To begin, prepare proteome and phosphoproteome samples of the extracellular vesicles isolated from the urine samples using the EVtrap approach. Inject the samples into the trapped ion-mobility time-of-flight mass spectrometer through the liquid chromatography system. Separate the peptides into a 15-centimeter C18 column.
For proteomics analysis, acquire data using the dia-PASEF method with a mass range per ramp to span from 300 to 1200 mass-to-charge ratio and ion-mobility constant from 0.6 to 1.50 1/Knot. For phosphoproteomics analysis, acquire data using a dia-PASEF acquisition method. Set the mass range per ramp to span from 400 to 1550 mass-to-charge ratio in ion-mobility constant from 0.6 to 1.50 1/Knot.
Load the raw files into proteomic software. Set up the search parameters in the homo sapiens database. For Digest Type, select Specific, and under Enzymes, select TrypsinP.

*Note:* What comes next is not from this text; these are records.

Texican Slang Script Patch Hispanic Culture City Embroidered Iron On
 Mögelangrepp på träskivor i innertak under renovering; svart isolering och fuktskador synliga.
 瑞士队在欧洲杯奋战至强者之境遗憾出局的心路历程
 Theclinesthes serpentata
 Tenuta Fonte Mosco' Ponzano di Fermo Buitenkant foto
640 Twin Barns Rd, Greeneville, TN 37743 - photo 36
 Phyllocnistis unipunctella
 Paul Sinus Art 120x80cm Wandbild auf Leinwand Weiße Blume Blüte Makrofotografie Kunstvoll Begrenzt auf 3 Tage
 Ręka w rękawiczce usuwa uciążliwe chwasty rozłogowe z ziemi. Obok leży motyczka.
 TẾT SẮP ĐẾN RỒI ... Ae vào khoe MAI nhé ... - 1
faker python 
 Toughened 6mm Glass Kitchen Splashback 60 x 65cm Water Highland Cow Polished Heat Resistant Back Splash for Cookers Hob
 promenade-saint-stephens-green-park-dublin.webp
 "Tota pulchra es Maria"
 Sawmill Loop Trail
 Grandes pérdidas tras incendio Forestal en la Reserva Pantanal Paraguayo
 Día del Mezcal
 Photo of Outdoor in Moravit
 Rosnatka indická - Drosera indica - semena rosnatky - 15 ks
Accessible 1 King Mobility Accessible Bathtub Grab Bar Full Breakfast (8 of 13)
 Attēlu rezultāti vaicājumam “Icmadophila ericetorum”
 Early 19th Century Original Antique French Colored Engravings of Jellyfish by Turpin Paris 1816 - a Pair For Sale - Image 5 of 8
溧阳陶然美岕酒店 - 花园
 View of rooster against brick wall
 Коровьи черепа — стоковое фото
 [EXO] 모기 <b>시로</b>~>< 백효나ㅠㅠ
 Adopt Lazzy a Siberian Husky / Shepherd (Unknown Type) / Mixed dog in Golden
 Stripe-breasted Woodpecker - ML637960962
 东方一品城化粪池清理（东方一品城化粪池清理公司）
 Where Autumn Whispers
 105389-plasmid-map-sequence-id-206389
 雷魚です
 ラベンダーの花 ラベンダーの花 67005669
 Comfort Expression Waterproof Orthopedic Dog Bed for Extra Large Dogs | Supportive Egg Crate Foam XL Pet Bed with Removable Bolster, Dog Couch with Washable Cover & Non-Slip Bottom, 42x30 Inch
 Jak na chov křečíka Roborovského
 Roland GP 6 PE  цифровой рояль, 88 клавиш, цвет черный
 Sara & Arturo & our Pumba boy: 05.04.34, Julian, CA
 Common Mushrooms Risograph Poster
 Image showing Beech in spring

Define the Peptide Length to a minimum of 7 and a maximum of 52 and allow two missed cleavages. Then set the Maximum Variable Modifications to 5. The Fixed Modification should be Carbamidomethyl at Cystine, while the Variable Modifications should include Acetyl Protein N-Terminal, Oxidation at Methionine, and Phosphorylation at Serine, Threonine, and Tyrosine.
Finally, set the false discovery rate for peptide spectrum match, peptide, and protein group to 0.01. In the LCMS and MS proteomic profiling, 2%of each sample revealed over 11, 000 unique peptides from approximately 2, 200 proteins. Notably, 72%of unique proteins were consistently found in all three replicates and 90 top EV markers and proteins were identified compared to the ExoCarta database.
Quantitative precision was confirmed with a low-medium coefficient of variation of 5.7%signifying high reproducibility and reliability. For phosphoproteomics, 98%of each peptide sample yielded 800 unique phosphopeptides and 350 phosphoproteins. The enrichment resulted in 72%phosphoserine, 22%phosphothreonine, and 6%phosphotyrosine peptides.
42%of phosphopeptides were identified in all replicates in a medium coefficient of variation of 21.8%was observed, indicating acceptable quantitative reproducibility.